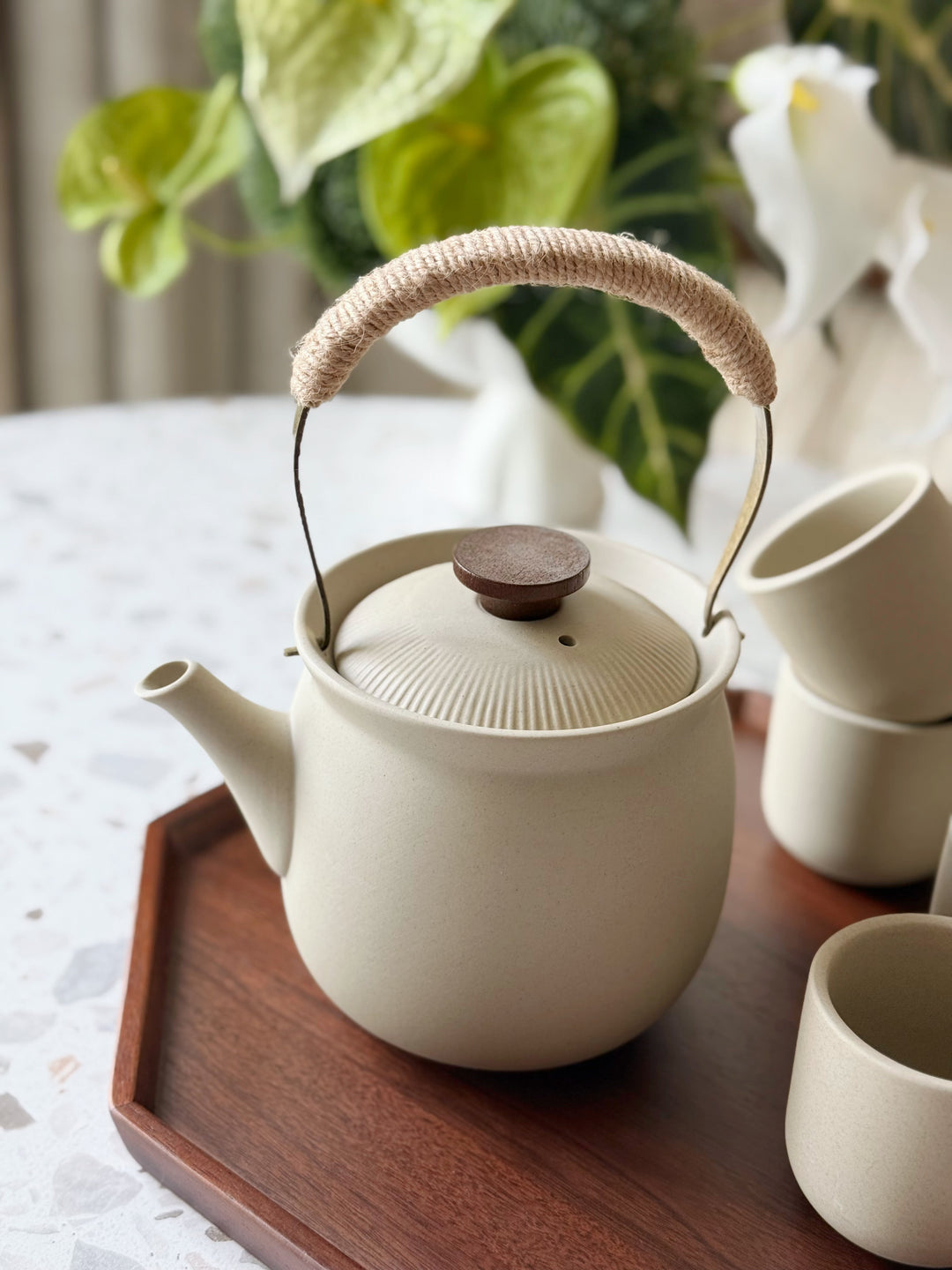 Hearth & Harvest Tea Set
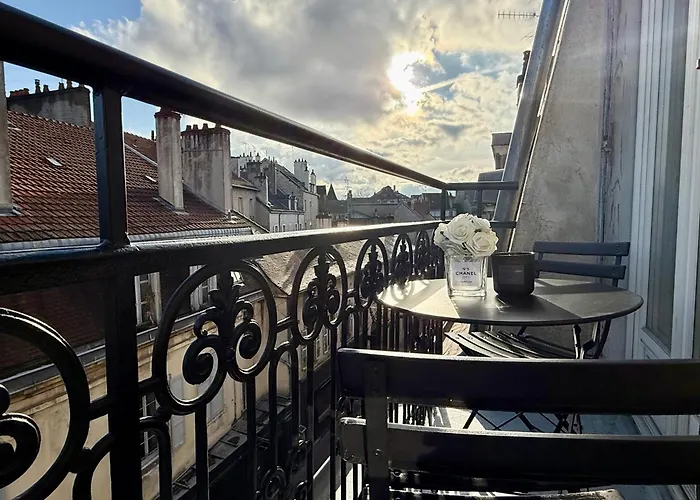 Appartement Auguste Comte - Avec Balcon - Coeur De *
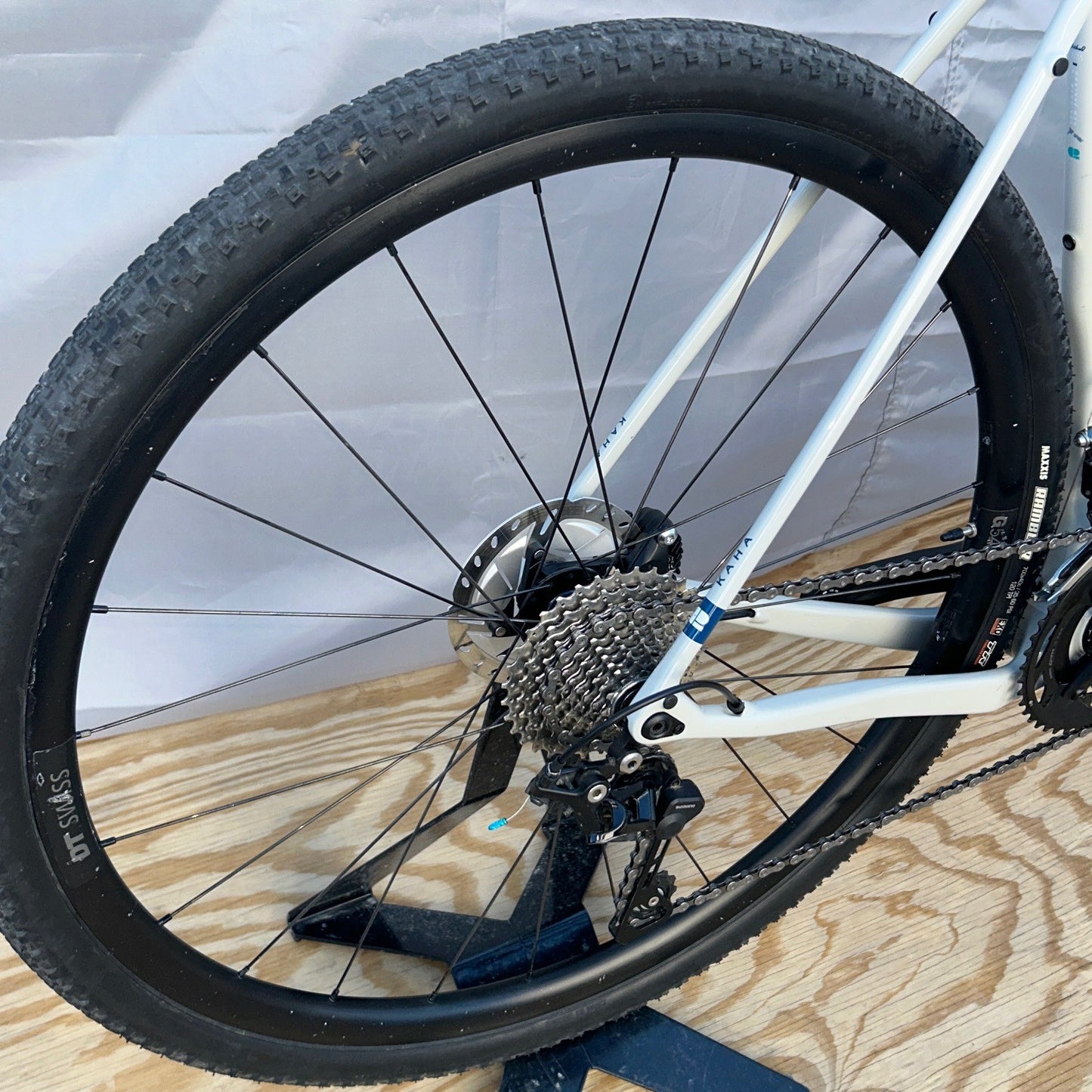 CHAPTER2 KAHA GREY/BLUE CARBON GRAVEL BIKE SHIMANO GRX LARGE 56CM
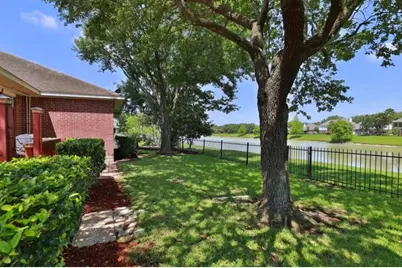 12318 Shadow Island Drive, Houston, TX 77082 - Photo 34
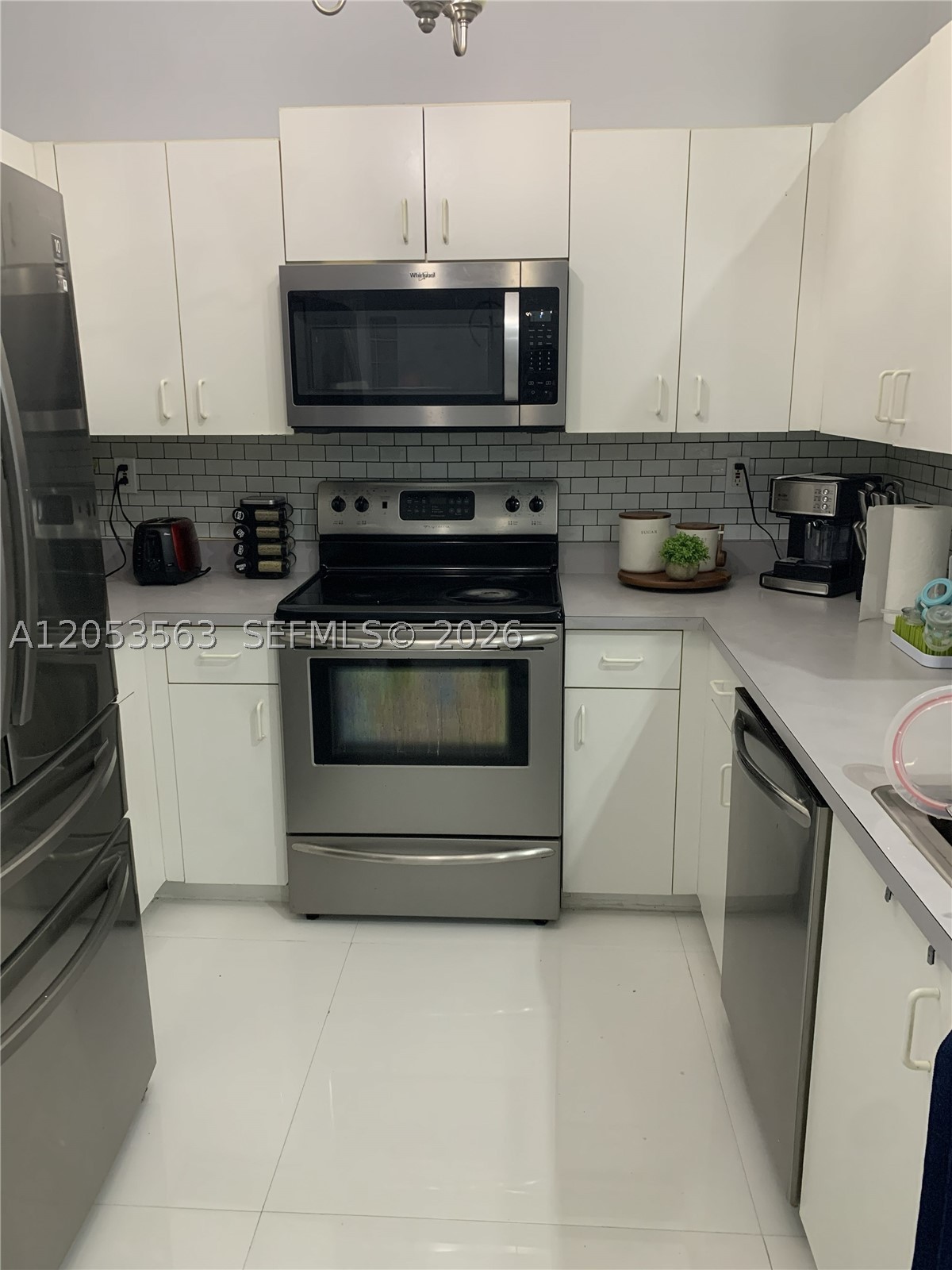 FOREST LAKES VILLAS - Residential Lease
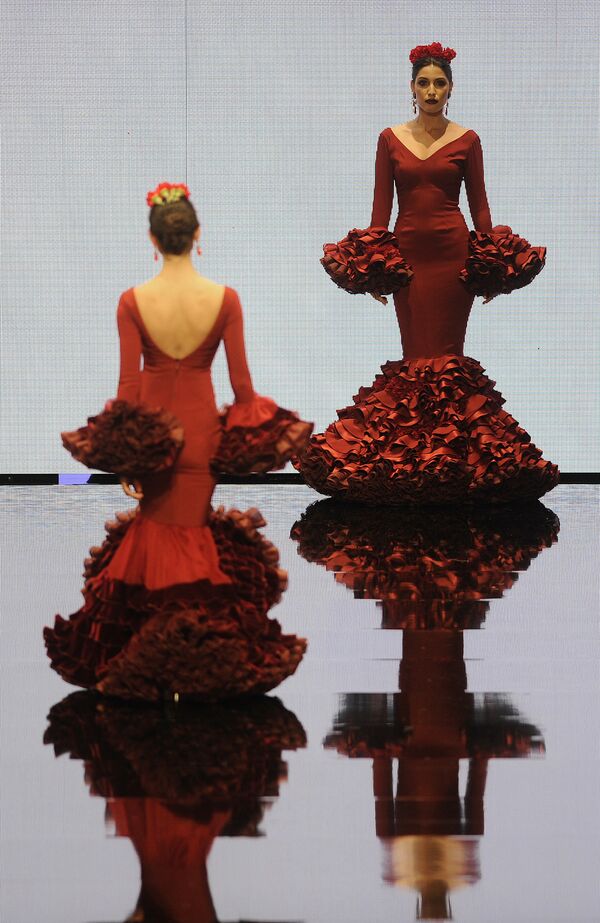 Модели во время показа коллекции дизайнера Alejandro Santizo на международной неделе моды фламенко в Севилье, Испания. 1 февраля 2018 год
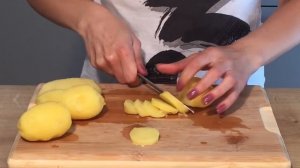 Картофель запечённый в духовке с кабачками и сыром.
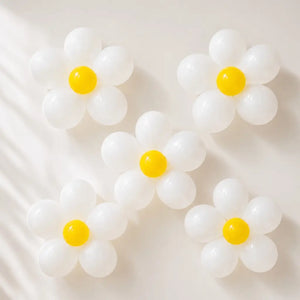 DIY White Daisy Latex Balloons 5pk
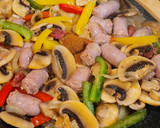 Foto del paso 3 de la receta: Salchichas salteadas con pimientos, calabacín y champiñones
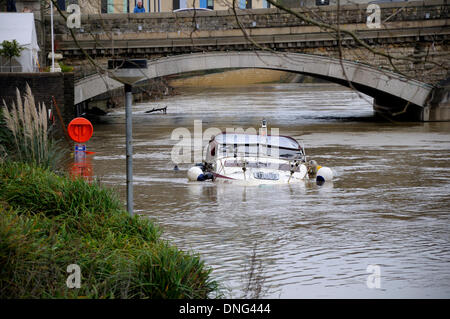 Maidstone, Kent, UK. Dec 27, 2013. Dommages causés par les inondations de la rivière Medway noyées bateau de plaisance Banque D'Images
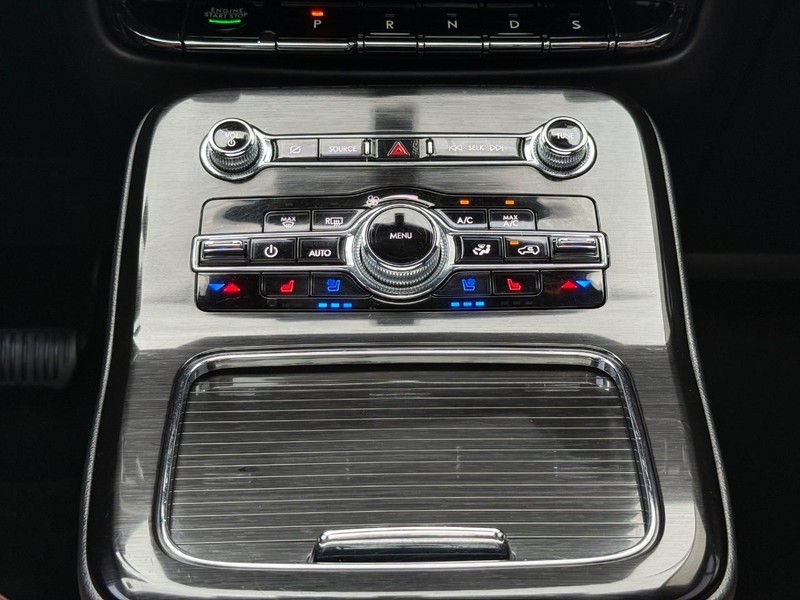 Lincoln Nautilus Vehicle Full-screen Gallery Image 12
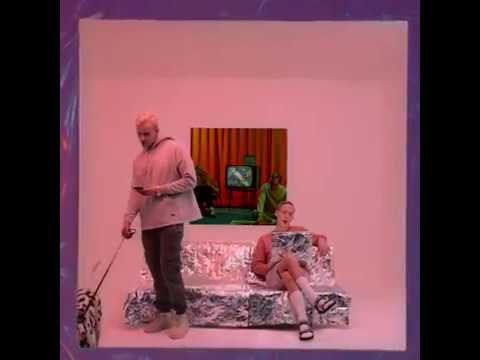 Töölön Ketterä - Erilainen Luuranko (Official video)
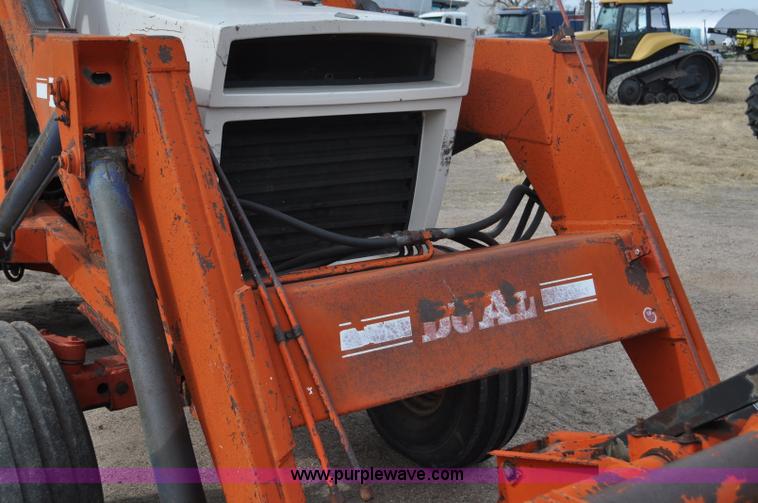 image for item G7279 1975 Case 1370 tractor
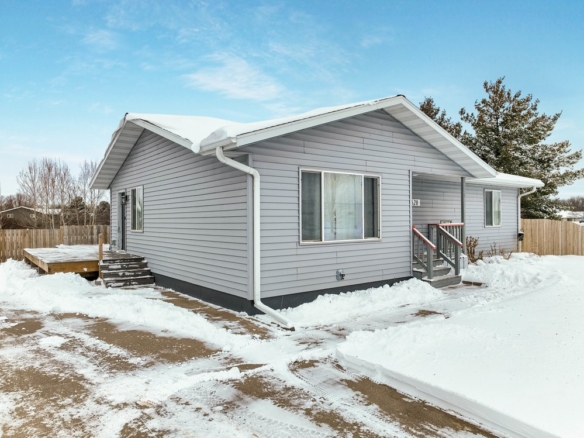 Residentialhouse for sale picture with an address of  1620 Berdan Street in Cumberland and a list price of 330000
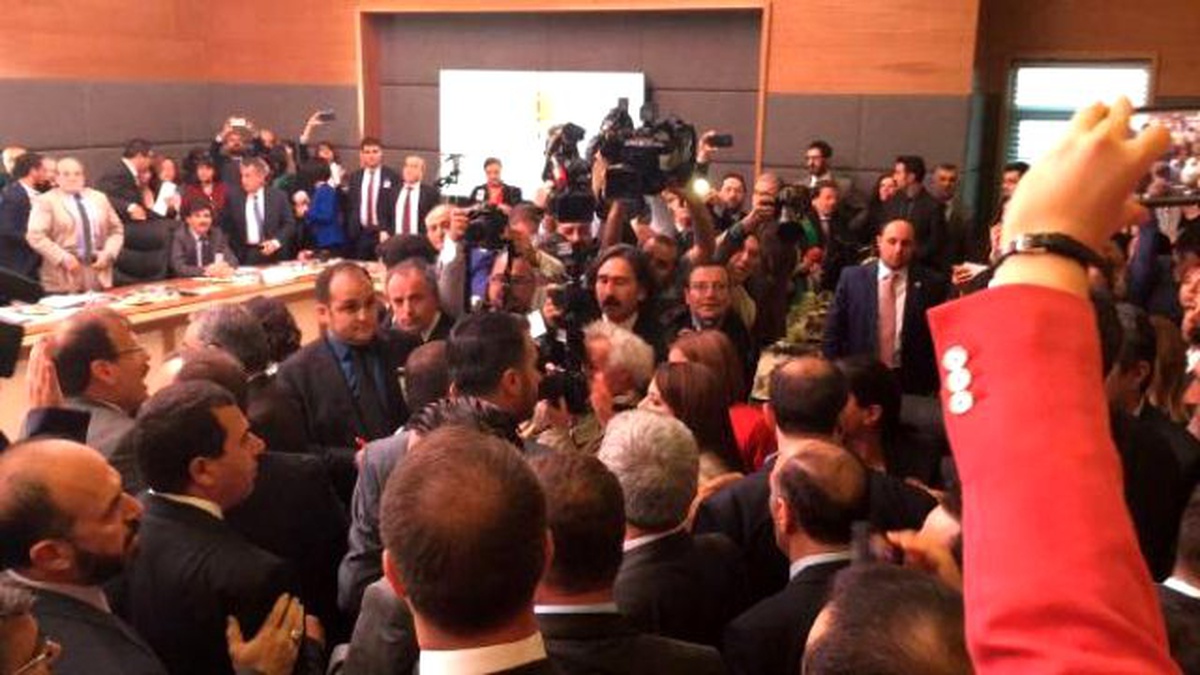 Anayasa Komisyonu\'nda Tartışma Çıktı (1)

— Exercise goal —
Word for word, retype all of the data above, but include no pictures.

— Answer to this problem —
 Hearth & Harvest Tea Set
 Appartement Auguste Comte - Avec Balcon - Coeur De *
 CHAPTER2 KAHA GREY/BLUE CARBON GRAVEL BIKE SHIMANO GRX LARGE 56CM
 12318 Shadow Island Drive, Houston, TX 77082 - Photo 34
 FOREST LAKES VILLAS - Residential Lease
 Модели во время показа коллекции дизайнера Alejandro Santizo на международной неделе моды фламенко в Севилье, Испания. 1 февраля 2018 год
 Картофель запечённый в духовке с кабачками и сыром.
 DIY White Daisy Latex Balloons 5pk
 Foto del paso 3 de la receta: Salchichas salteadas con pimientos, calabacín y champiñones
 Maidstone, Kent, UK. Dec 27, 2013. Dommages causés par les inondations de la rivière Medway noyées bateau de plaisance Banque D'Images
 Lincoln Nautilus Vehicle Full-screen Gallery Image 12
 Töölön Ketterä - Erilainen Luuranko (Official video)
 image for item G7279 1975 Case 1370 tractor
 Residentialhouse for sale picture with an address of  1620 Berdan Street in Cumberland and a list price of 330000
 Anayasa Komisyonu\'nda Tartışma Çıktı (1)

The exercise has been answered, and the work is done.